TRAI has recommended that the penalty be levied on the basis of whether a violation is minor or major and the recurrence of the violation. While the penalty prescribed is exclusive of the liquidated damages prescribed in the license agreement, the UL Recommendations recommend that the DoT must be given the right to cancel the license if a major violation is committed after the fourth time.
The UL Recommendations have also suggested changes to the definition of Adjusted Gross Revenue (AGR), in that intra-service area roaming revenues should not be excluded from Gross Revenue for calculating the AGR of the service provider. Further, for levying spectrum charges, it recommends that only the revenue from the wireless services must count towards AGR calculation.
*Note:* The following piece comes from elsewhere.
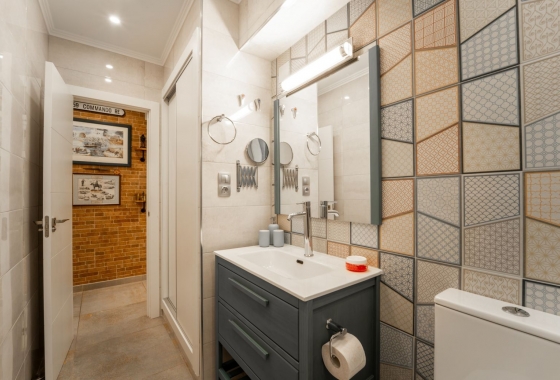 Reventa - Apartamento / piso - Torrevieja - Centro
The TRAI has also suggested inclusion of two new clauses to the draft UL(AS). First clause enables the TRAI to undertake regular spectrum audit for overlooking its efficient management. The licensee will be required to provide relevant data, reports, test, equipment and other accessories and permit inspection of its sites by TRAI personnel.
The second and the more important one suggests that the WOL must include a condition that operators whose entire spectrum holding in a particular band (900MHz/ 1800MHz and 800MHz) has been liberalized and must be permitted to share spectrum without any additional one-time spectrum charge, subject to the guidelines issued by the DoT from time to time. However, spectrum trading is not permitted at present.